Credi alla prosa calda e senza civetteria
degli acquedotti, alla masserizia macroscopica del bagliore del mare
sulle credenze colme
di tazze inglesi
e tovaglie, credi a quello a cui io non ho creduto, anche mentre addormentavo
il tuo piccolo corpo onnipotente
che inverava il mio corpo
disarmato dal tempo. Sei il solo ospite di sangue
di una creatura senza stirpe. Domanda dunque
alle conifere, alla presa pigra e ostinata delle tue dita
nella scarpetta di gomma, domanda alla realtà – a un sestante
di argilla – il giusto
o l’umano
tra i filamenti del mattino, la nostra data di deposizione: quello che si dimenticherà
di noi, e quello che dimenticheremo, annientati e contigui. Il resto
avviene nel buio
di un mondo nostro senza più abbandono.
Estratti critici
Maria Grazia Calandrone, La scimmia randagia (2003) Epica e politica, assoluta e senza assoluzione, teatrale e combattiva, offesa e inoffensiva, la poesia della Calandrone nasce per essere detta, è dettato che si fa atto. Ne filai gli esordi, ricordo, all’inizio del millennio, che restano ancora statuari. “E la parte arcaica del cervello intravede/ nuvole in cielo cattive e poi copre il tuo volto nel crematorio bianco.// File di pioppi nel silenzio atomico.
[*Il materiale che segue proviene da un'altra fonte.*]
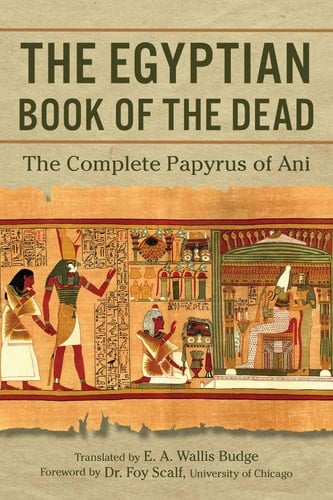 The Egyptian Book of the Dead: The Complete Papyrus of Ani - E.A. Wallis Budge • 2021
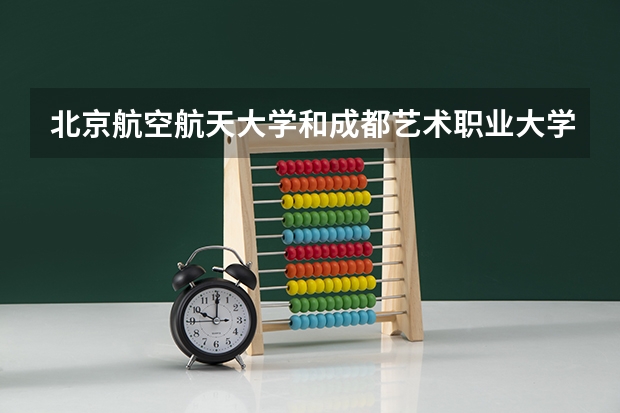 北京航空航天大学和成都艺术职业大学哪个值得报 历年录取分数线对比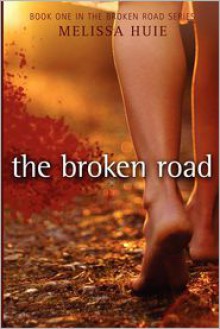 The Broken Road - Melissa Huie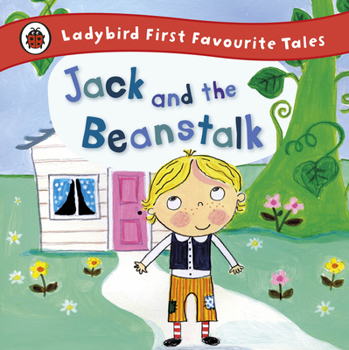 Jack and the Beanstalk (First Favourite Tales) - Book  of the Ladybird First Favourite Tales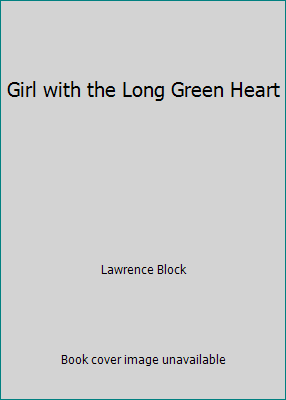 Girl with the Long Green Heart 0709177127 Book Cover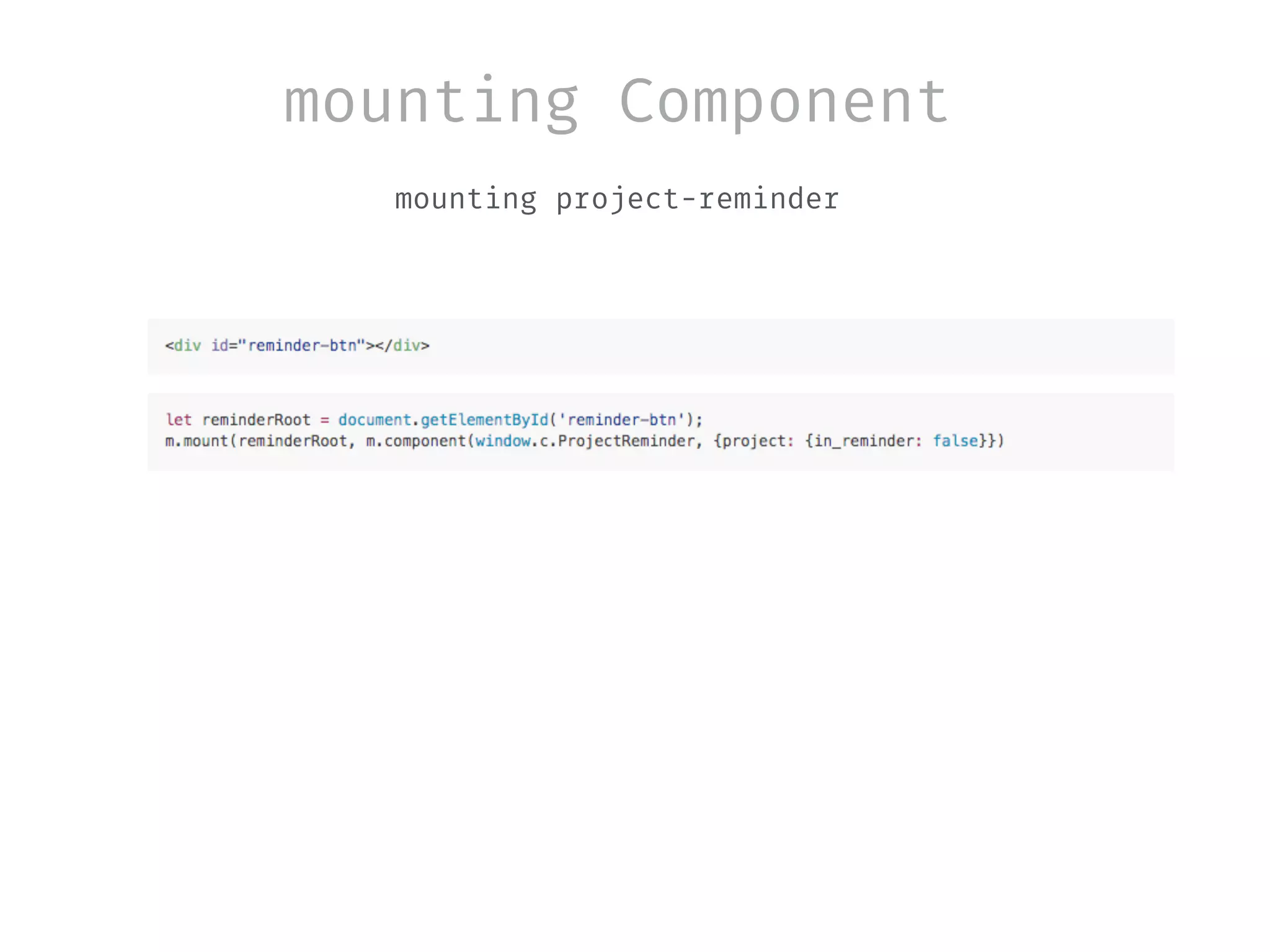 mounting Component
mounting project-reminder
 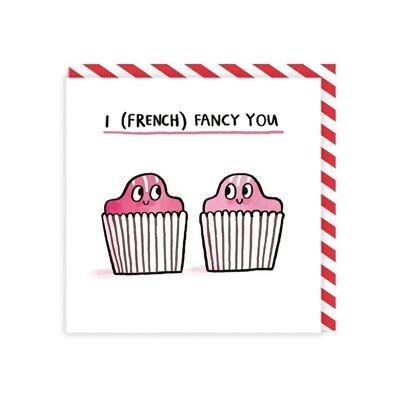Tarjeta I French Fancy You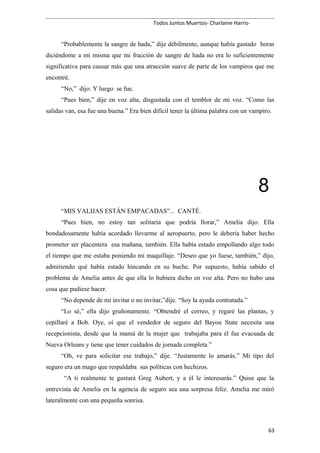 Todos Juntos Muertos- Charlaine Harris-
“Probablemente la sangre de hada,” dije débilmente, aunque había gastado horas
diciéndome a mí misma que mi fracción de sangre de hada no era lo suficientemente
significativa para causar más que una atracción suave de parte de los vampiros que me
encontré.
“No,” dijo. Y luego se fue.
“Pues bien,” dije en voz alta, disgustada con el temblor de mi voz. “Como las
salidas van, esa fue una buena.” Era bien difícil tener la última palabra con un vampiro.
8
“MIS VALIJAS ESTÁN EMPACADAS”... CANTÉ.
“Pues bien, no estoy tan solitaria que podría llorar,” Amelia dijo. Ella
bondadosamente había acordado llevarme al aeropuerto, pero le debería haber hecho
prometer ser placentera esa mañana, también. Ella había estado empollando algo todo
el tiempo que me estaba poniendo mi maquillaje. “Deseo que yo fuese, también,” dijo,
admitiendo qué había estado hincando en su buche. Por supuesto, había sabido el
problema de Amelia antes de que ella lo hubiera dicho en voz alta. Pero no hubo una
cosa que pudiese hacer.
“No depende de mí invitar o no invitar,”dije. “Soy la ayuda contratada.”
“Lo sé,” ella dijo gruñonamente. “Obtendré el correo, y regaré las plantas, y
cepillaré a Bob. Oye, oí que el vendedor de seguro del Bayou State necesita una
recepcionista, desde que la mamá de la mujer que trabajaba para él fue evacuada de
Nueva Orleans y tiene que tener cuidados de jornada completa.”
“Oh, ve para solicitar ese trabajo,” dije. “Justamente lo amarás.” Mi tipo del
seguro era un mago que respaldaba sus políticas con hechizos.
“A ti realmente te gustará Greg Aubert, y a él le interesarás.” Quise que la
entrevista de Amelia en la agencia de seguro sea una sorpresa feliz. Amelia me miró
lateralmente con una pequeña sonrisa.
63
 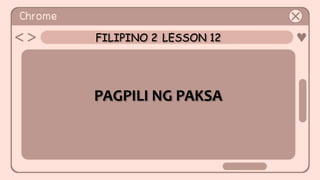 FILIPINO 2 LESSON 12
PAGPILI NG PAKSA
 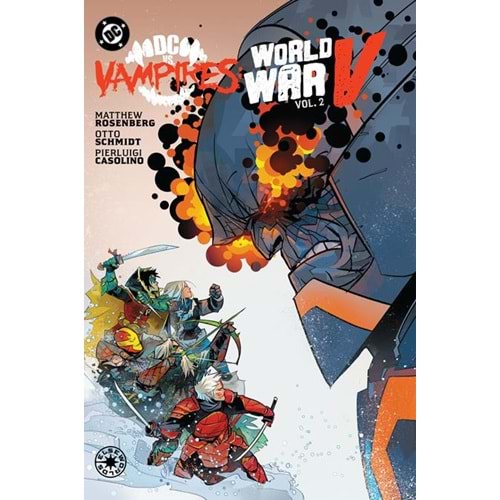 DC VS VAMPIRES WORLD WAR V VOL 2 HC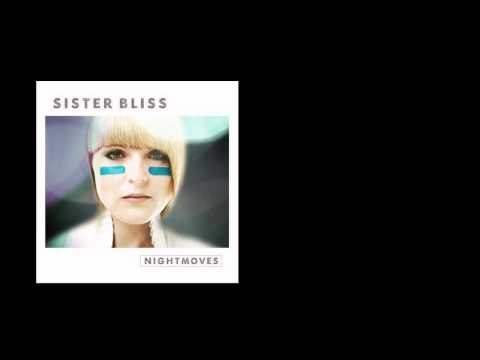 Sister Bliss - Beautiful Burnout (Underworld -Mark...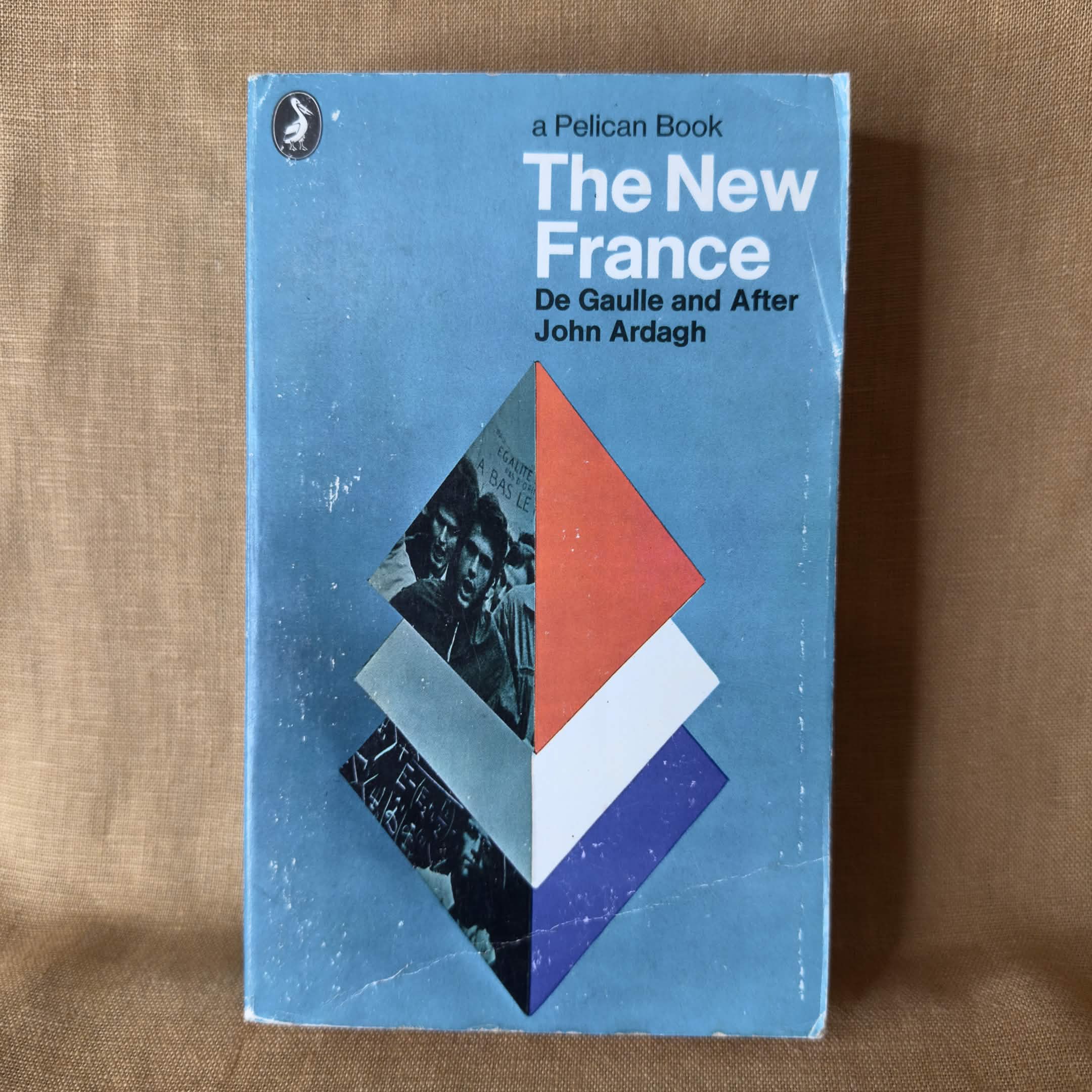 The New France: De Gaulle and After — John Ardagh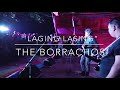 “Laging Lasing” The Borrachos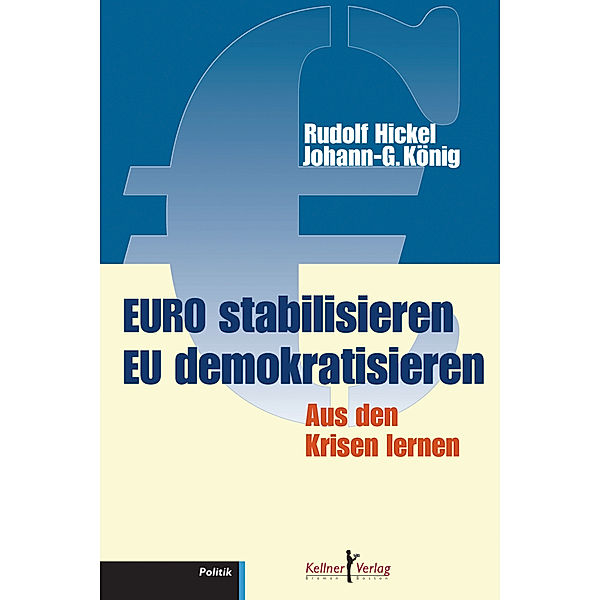 Euro stabilisieren EU demokratisieren, Rudolf Hickel, Johann-Günther König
Dalla disadorna anemia delle erbe/ sale il Te Deum, la lode”.
Biancamaria Frabotta, “Poeti e poesia” (Pagine, maggio 2004)
[…] Ecco, quando senti questa cosa premere, strizzare il gozzo, è per me il chiaro indizio che mi trovo di fronte a qualcosa di potente, di desiderabile.
[…] la poesia della Calandrone diversamente dal ricercare e far conoscere la verità la crea, descrive con precisione questa sua verità che non è altro che essa. E proprio questa, nuda, dona un fascino di “mete lontane” a cui non possiamo sottrarci, appesi come bambocci alle sue parole filanti.
Davide Brullo, “Il Domenicale”, 5 giugno 2004
[…] In questa linea rischiosa, renitente alla classificazione rigidamente formale, è Maria Grazia Calandrone, autrice del folgorante, splendido esordio intitolato La scimmia randagia (uscito per i tipi Crocetti): siamo di fronte a un libro di poesia formidabile, a un talento che bisogna seguire nei suoi esiti futuri, a partire da una premessa che è già una conclusione: l’esperienza poetica che esalta e trascina.
Poesia che sarebbe da accogliere come renovatio delle folgoranti strutture di lingua e immagini delle Pitiche di Pindaro o, se si cerca un equivalente filosofico, della commutazione di sguardo secondo Plotino, i versi di Maria Grazia Calandrone regalano al panorama poetico italiano una protagonista fatta e finita, finalmente pronta a sfarsi e a finirsi.
Giuseppe Genna, “I Miserabil1”, 23 agosto 2004
Maria Grazia Calandrone, che – alla raccolta d’esordio – sfodera un pathos oracolare e rapinosamente visionario, bruciati in lunghi versi fiammanti di un epos (di un eros) dylanthomasiano, e tentati non di rado dalle vertigini dell’astrazione. Se l’esperienza primaria è, anche qui, quella della perdita infinita, che «infinito / rende quello che tocca», la Calandrone non può fare a meno di contrapporre perentoriamente, a questo cattivo infinito, l’infinita energia della sua voce. Così facendo, partecipa – da dentro – alla continua catena di morti e rinascite di cui è tramata l’esistenza stessa dell’universo. […] sarà l’amore, l’apertura dell’amore, a sollevarci dalla nostra solitudine – e il futuro ci verrà incontro «inchiodato nell’azzurra testimonianza» dei suoi occhi.